Each day this week, we'll feature a special "kid's tech" pick for the holidays.
Reminder: The North Pole Post Office needs to receive Santa letters by Dec. 15.
The USPS and their “Letters FROM Santa” program are a memorable family activity and photo opportunity. Feel free to use the hashtag #LettersFromSanta.
Yes, Virginia, there is a Santa Claus — and the U.S. Postal Service can help you prove it when Santa replies to your child’s letter — complete with a North Pole postmark.
Here are the steps for your child to get a letter back from Santa:
Have your child write a letter to Santa and place it in an envelope addressed to: Santa Claus, North Pole.
Later, when alone, open the envelope and write a personalized response.
Insert the response letter into an envelope and address it to the child.
Add the return address: SANTA, NORTH POLE, to the envelope.
Affix a First-Class Mail stamp, such as a new Holiday Windows stamp, to the envelope.
Place the complete envelope into a larger envelope — preferably a Priority Mail Flat Rate envelope — with appropriate postage and address it to:
North Pole Postmark Postmaster 4141 Postmark Drive Anchorage, AK 99530-9998
“Letters from Santa” must be received by the Anchorage, AK, postmaster no later than Dec. 15. Santa’s helpers at the Postal Service will take care of the rest.
To save paper, write Santa’s response on the back of your child’s letter.

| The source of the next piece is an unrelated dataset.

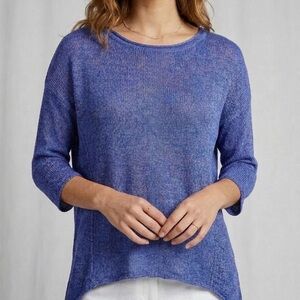 Simons Periwinkle Blue Lightweight Knit Top Summer Sweater Sz Medium High-Low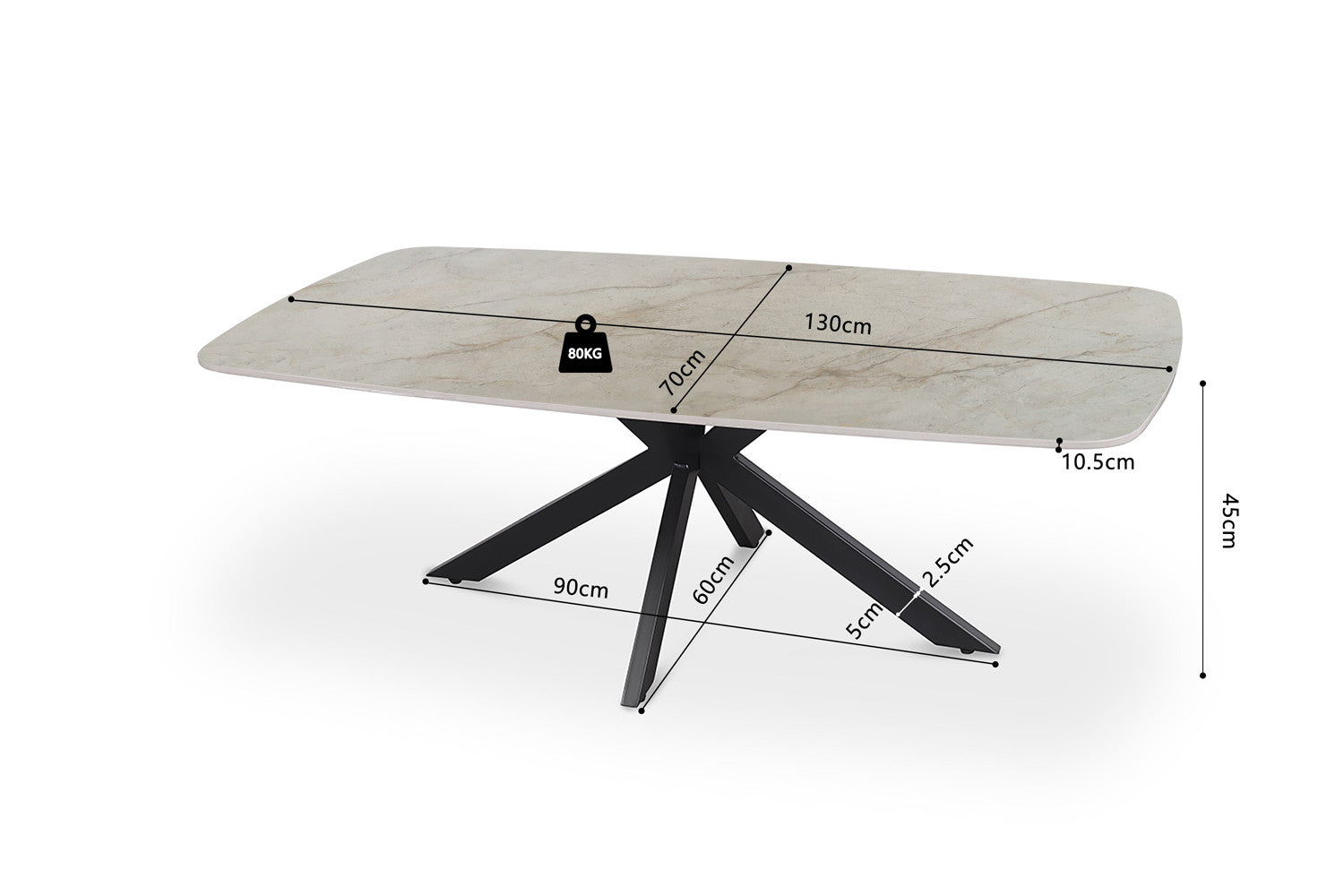 Salontafel 'Apollo' 130 cm Deens ovaal glanzende steen Shakespeare Beige - RS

If you keep them together, your child will also be able to recall what he or she wrote.
When responding as Santa, make the response as personal as possible by highlighting your child’s accomplishments over the past year, for example, helping around the house, receiving good grades in a particular subject at school or participating in community service activities.
This is a great activity to do at Thanksgiving that the whole family can enjoy, including parents, grandparents, aunts, uncles and other caregivers.
The Letters from Santa program adds to the excitement of Christmas and is ideal for interesting youngsters in letter writing, stamps and penmanship.
The Postal Service receives no tax dollars for operating expenses and relies on the sale of postage, products and services to fund its operations.